MATERIALS PROVIDED –
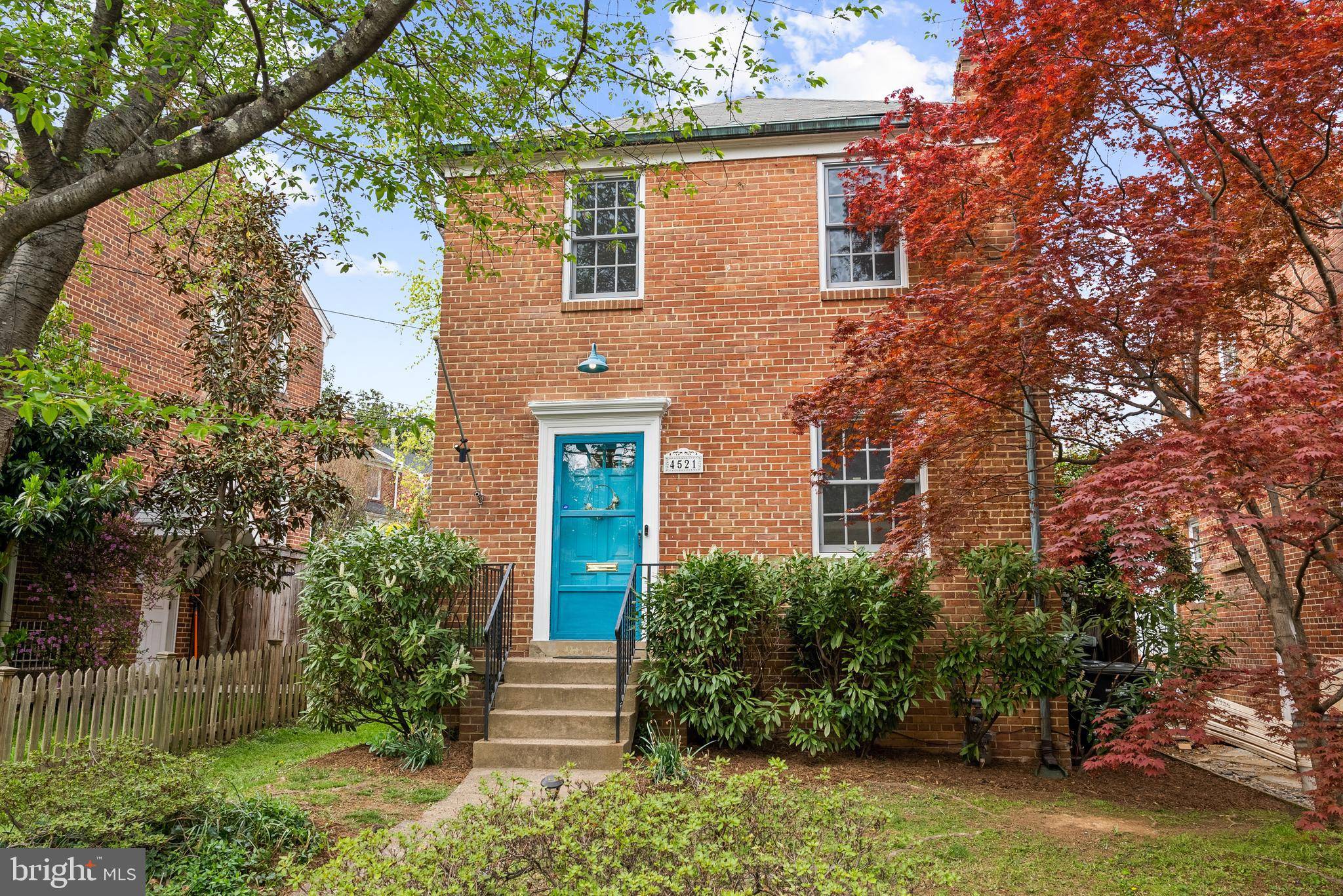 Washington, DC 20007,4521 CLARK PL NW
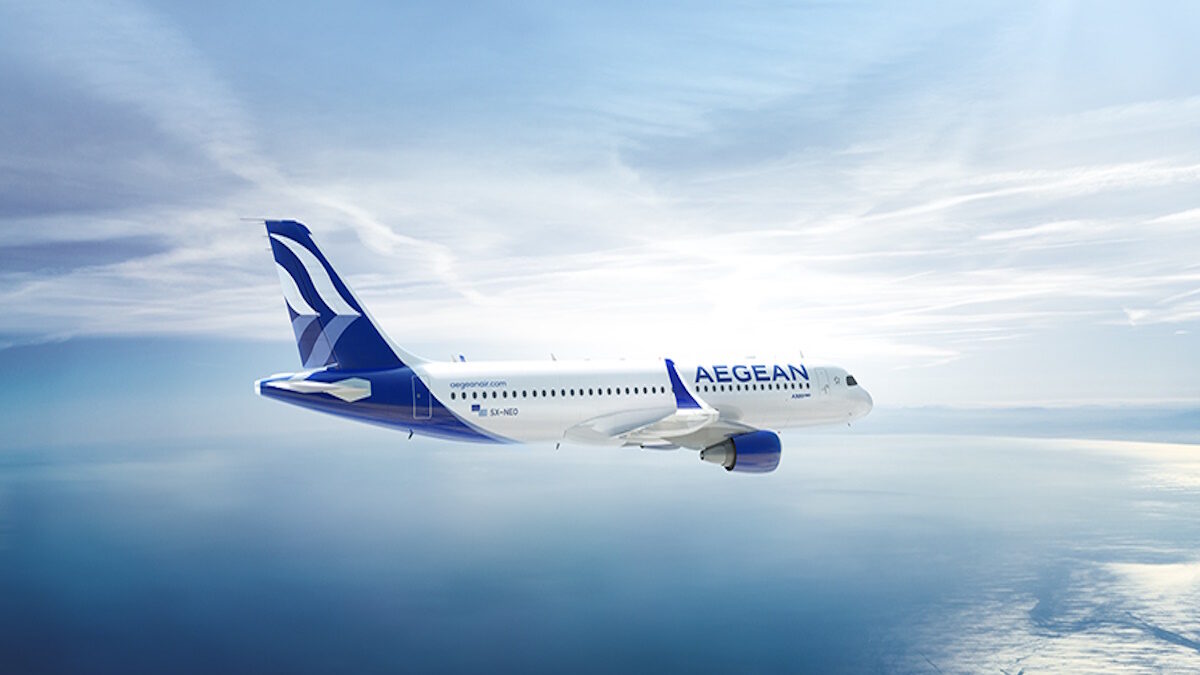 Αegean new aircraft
---
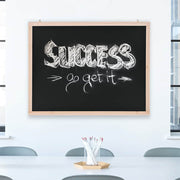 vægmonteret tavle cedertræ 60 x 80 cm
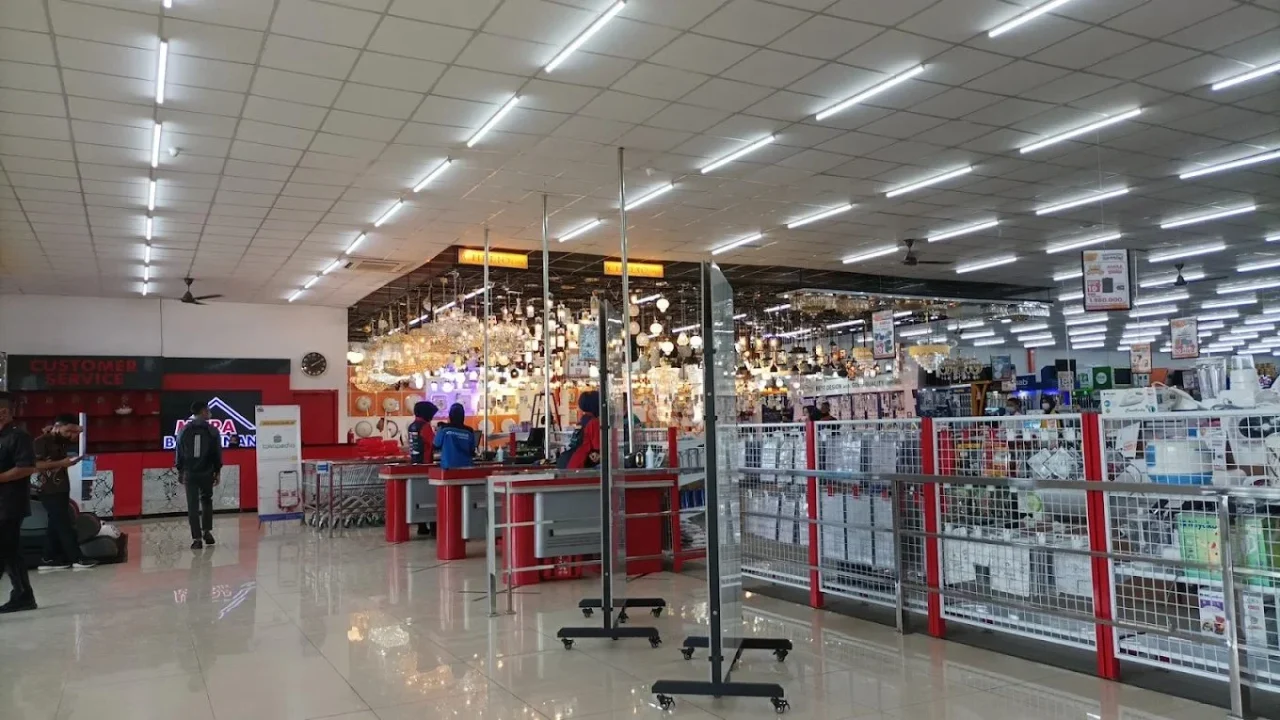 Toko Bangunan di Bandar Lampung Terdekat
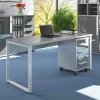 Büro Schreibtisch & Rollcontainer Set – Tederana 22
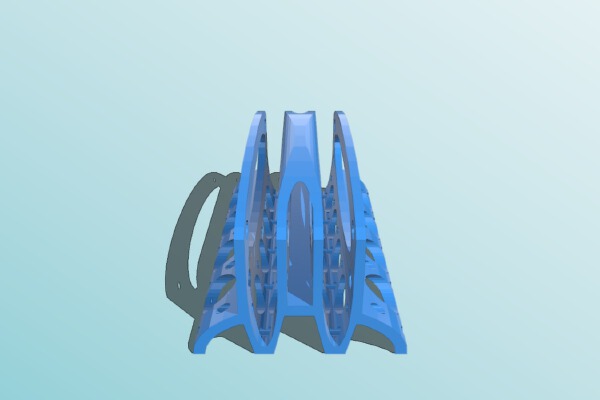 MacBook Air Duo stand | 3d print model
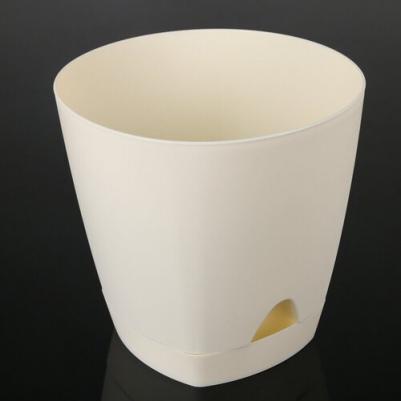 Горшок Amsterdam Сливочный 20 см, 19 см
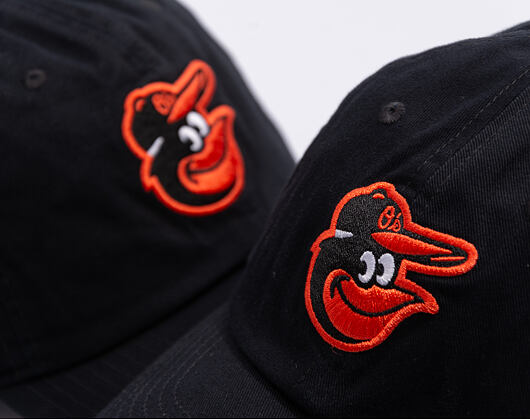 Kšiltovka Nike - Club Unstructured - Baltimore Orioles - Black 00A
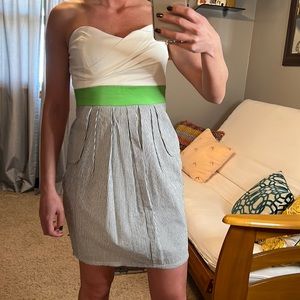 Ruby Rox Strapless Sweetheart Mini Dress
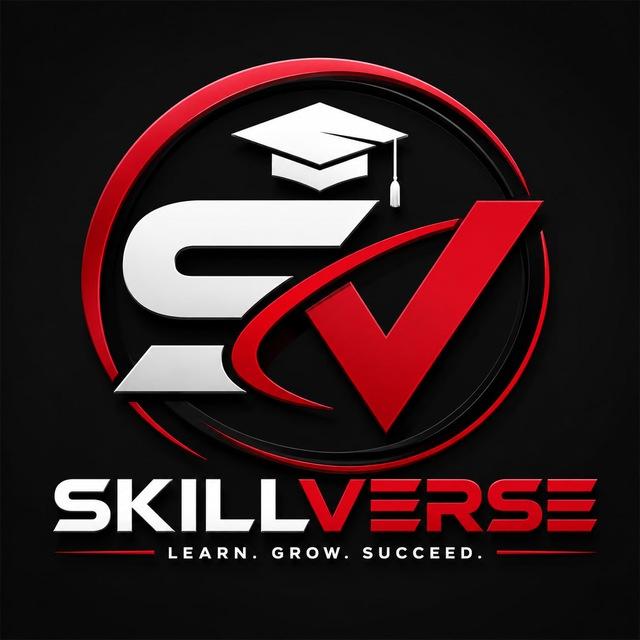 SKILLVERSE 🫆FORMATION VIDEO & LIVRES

WHAT YOU NEED TO DO –
Quote the data above exactly from the line with "Washington, DC 20007,4521 CLARK PL NW" to the line with "Αegean new aircraft", both ends counted, and nothing else. Pictures don't go in.

OUTPUT OF THE TASK –
 Washington, DC 20007,4521 CLARK PL NW
 Αegean new aircraft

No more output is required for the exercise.